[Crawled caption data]
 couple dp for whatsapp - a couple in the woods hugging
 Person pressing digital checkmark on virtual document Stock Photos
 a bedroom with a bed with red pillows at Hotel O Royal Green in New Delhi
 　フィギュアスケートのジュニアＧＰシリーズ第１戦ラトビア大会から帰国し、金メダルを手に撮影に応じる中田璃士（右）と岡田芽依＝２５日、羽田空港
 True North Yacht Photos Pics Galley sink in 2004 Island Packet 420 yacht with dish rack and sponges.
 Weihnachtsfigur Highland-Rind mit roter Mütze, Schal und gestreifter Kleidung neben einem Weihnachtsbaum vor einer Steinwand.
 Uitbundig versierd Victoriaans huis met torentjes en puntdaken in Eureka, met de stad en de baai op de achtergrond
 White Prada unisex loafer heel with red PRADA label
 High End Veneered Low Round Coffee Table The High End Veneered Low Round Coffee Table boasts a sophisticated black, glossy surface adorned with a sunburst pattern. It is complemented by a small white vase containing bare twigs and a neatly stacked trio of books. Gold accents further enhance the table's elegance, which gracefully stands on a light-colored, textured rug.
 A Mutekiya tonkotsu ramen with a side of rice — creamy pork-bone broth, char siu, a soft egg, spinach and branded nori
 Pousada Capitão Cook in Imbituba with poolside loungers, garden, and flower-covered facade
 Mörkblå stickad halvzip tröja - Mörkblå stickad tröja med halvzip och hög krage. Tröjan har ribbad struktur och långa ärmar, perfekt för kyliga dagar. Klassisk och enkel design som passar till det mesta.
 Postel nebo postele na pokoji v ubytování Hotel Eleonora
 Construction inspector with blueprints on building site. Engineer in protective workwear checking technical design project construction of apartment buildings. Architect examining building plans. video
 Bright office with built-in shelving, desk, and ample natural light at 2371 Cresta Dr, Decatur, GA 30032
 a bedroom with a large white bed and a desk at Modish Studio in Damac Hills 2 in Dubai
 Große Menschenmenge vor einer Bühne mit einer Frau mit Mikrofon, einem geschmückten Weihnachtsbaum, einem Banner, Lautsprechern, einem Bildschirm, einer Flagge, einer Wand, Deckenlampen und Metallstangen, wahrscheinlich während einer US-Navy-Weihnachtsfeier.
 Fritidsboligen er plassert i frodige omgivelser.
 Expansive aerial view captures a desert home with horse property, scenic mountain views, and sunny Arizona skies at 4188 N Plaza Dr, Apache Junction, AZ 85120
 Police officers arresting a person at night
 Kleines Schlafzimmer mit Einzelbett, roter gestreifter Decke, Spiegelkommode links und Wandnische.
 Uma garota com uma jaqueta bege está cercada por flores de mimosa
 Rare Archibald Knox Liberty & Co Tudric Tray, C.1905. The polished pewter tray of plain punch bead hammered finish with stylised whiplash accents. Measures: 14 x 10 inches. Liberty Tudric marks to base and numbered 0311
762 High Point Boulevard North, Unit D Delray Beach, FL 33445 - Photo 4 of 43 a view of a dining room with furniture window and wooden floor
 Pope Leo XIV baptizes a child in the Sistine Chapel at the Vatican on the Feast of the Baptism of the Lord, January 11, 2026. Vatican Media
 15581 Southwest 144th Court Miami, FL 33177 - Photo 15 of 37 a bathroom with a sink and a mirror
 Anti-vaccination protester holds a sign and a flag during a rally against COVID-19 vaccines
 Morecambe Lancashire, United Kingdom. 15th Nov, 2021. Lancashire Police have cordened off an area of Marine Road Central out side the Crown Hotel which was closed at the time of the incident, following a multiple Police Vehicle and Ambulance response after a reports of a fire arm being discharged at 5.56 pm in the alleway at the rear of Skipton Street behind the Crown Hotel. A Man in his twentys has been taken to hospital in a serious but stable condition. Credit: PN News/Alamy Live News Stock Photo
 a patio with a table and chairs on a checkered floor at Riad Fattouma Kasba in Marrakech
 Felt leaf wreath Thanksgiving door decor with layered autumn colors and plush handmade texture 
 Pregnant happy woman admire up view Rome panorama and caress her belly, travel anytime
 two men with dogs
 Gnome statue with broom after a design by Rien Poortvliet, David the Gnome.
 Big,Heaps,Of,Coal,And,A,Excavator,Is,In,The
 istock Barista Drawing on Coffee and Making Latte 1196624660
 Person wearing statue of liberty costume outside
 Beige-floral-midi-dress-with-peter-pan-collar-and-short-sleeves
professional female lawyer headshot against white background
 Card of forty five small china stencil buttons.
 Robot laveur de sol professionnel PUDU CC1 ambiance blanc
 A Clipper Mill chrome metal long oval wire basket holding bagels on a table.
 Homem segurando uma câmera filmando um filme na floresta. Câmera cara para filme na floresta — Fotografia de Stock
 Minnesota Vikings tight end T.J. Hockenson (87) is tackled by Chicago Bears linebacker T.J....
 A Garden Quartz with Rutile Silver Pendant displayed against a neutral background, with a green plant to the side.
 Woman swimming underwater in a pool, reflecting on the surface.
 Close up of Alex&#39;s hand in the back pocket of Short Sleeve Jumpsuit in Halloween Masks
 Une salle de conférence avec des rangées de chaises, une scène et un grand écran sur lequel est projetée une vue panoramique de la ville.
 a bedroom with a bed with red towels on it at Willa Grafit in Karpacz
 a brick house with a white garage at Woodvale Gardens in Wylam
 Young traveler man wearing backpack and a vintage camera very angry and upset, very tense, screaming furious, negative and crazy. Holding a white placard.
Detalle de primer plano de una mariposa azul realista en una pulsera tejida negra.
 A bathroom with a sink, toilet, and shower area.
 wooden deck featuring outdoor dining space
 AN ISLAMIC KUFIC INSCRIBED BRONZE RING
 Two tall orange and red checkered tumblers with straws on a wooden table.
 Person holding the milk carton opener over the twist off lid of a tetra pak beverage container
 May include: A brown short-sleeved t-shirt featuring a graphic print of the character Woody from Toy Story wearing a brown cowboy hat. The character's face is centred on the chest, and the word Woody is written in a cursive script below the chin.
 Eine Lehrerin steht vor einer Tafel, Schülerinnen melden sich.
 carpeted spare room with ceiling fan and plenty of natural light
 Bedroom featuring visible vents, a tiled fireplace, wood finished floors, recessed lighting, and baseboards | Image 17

(Exercise instructions):
Would you copy out every line in the records that includes the string "natural"?

(Response to this task):
 Bright office with built-in shelving, desk, and ample natural light at 2371 Cresta Dr, Decatur, GA 30032
 carpeted spare room with ceiling fan and plenty of natural light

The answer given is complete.